Açılan dava, modern Türkiye’nin kurucusu olan Atatürk’ün ilerici değerlerine sahip çıkıyor görünse de aslında o değerleri küçük düşürüyor. Türkiye’de, kökü Müslüman çoğunluğa dayanan, modern, Batı yanlısı ve demokratik bir partinin yükselişine karşı, eski siyasi yapının gösterdiği tepkide hoşgörüsüzlük ve demokrasiye saygısızlık giderek ön plana çıkıyor. AKP bir çok kez hedef haline getirildi. Erdoğan’ın başbakanlığı siyaset yasağıyla engellenmek istendi, darbe tehditleri yapıldı, meclisin Abdullah Gül’ü cumhurbaşkanı seçmesinin önüne engel çıkartıldı. Bütün bu umutsuz çabalar sadece AKP’nin oy oranının artırmasına yaradı. Ancak eski siyasi yapı hala mesajı almış görünmüyor.

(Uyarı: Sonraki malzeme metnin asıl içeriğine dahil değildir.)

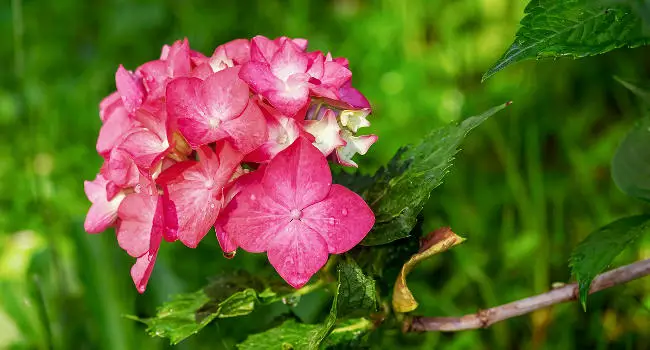 Hydrangeas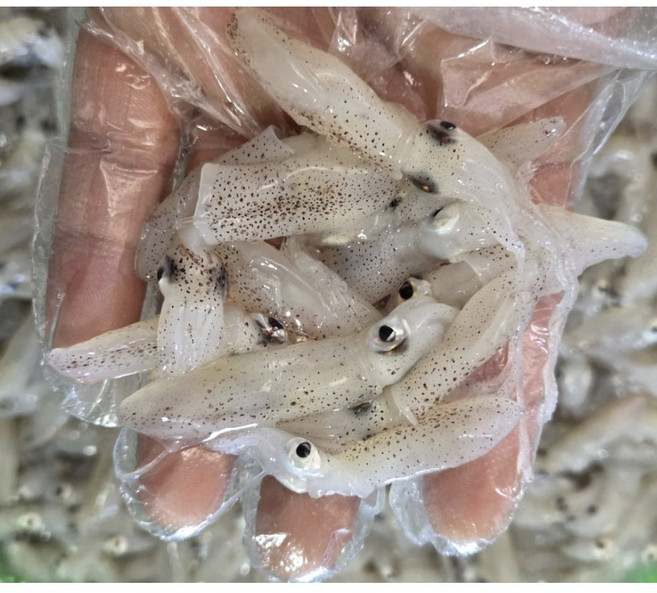 국내산 호래기 꼴뚜기 500g 자연산 제철수산물 [원산지:국산(충청남도 보령시)], 1개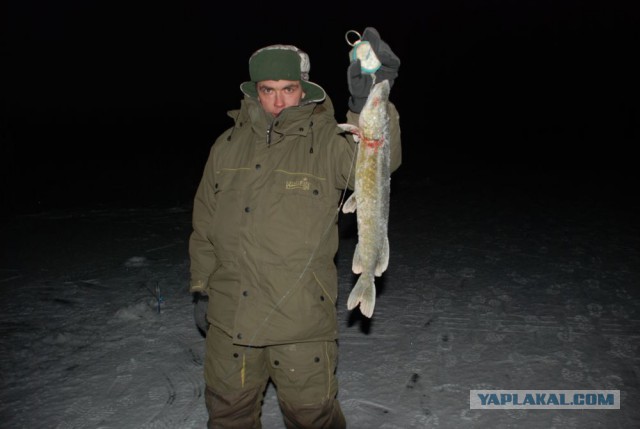 А какое хобби у вас?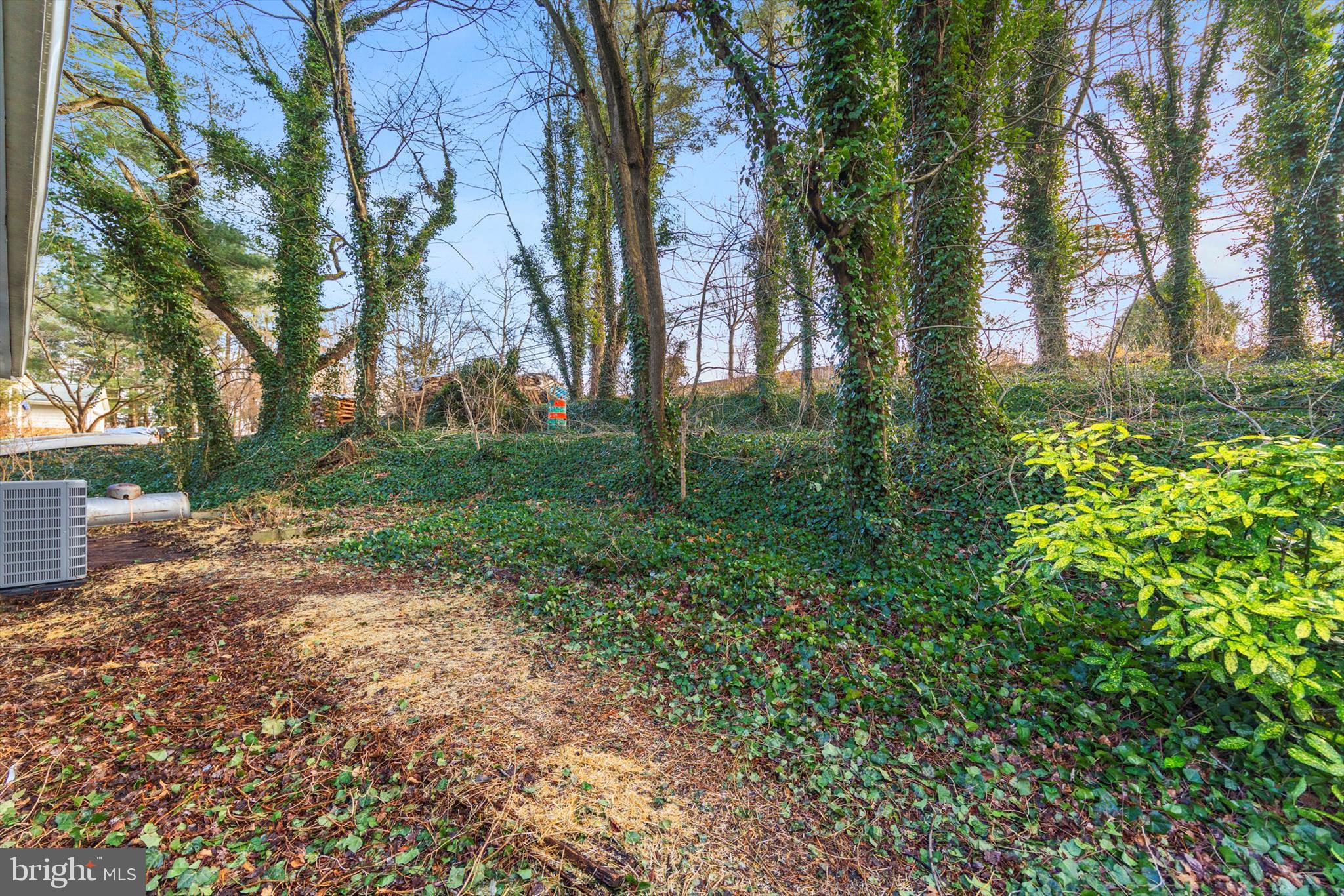 712 St Marys Road Pylesville, MD 21132 - Photo 39 of 43 a view of a yard with plants and trees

Washington Post Amerika’nın eski Birleşmiş Milletler temsilcisi Richard Holbrooke’un Pakistan’la ilgili bir makalesine yer veriyor. Holbrooke, demokrasiye dönüş sürecinin, ülkenin geleceği açısından umut verici olduğunu yazıyor:

Yeni genelkurmay başkanı, ordunun siyasetin dışında kalması gerektiğini söyledi. Bir başka olumlu gelişme ise, Afganistan sınırında aşiretlerin denetimindeki bölgede, dinci partilerin seçimde başarısızlığa uğraması. Elbette bu, sınır bölgesinin teröristlerden temizlendiği anlamına gelmiyor. Ancak dünyanın en kalabalık ikinci Müslüman ülkesi olan Pakistan, dünyanın en tehlikeli ülkesi olamayacak kadar derin bir sivil toplum yapılanmasına sahip. Washington şimdiye kadar Pakistan’a çok farklı mesajlar verdi. Artık demokrasi, uzlaşma, ordunun siyaset dışı kalması, aşiretlere yönelik yeni bir politika ve daha fazla demokrasi mesajı konusunda açık ve net olmalıdır.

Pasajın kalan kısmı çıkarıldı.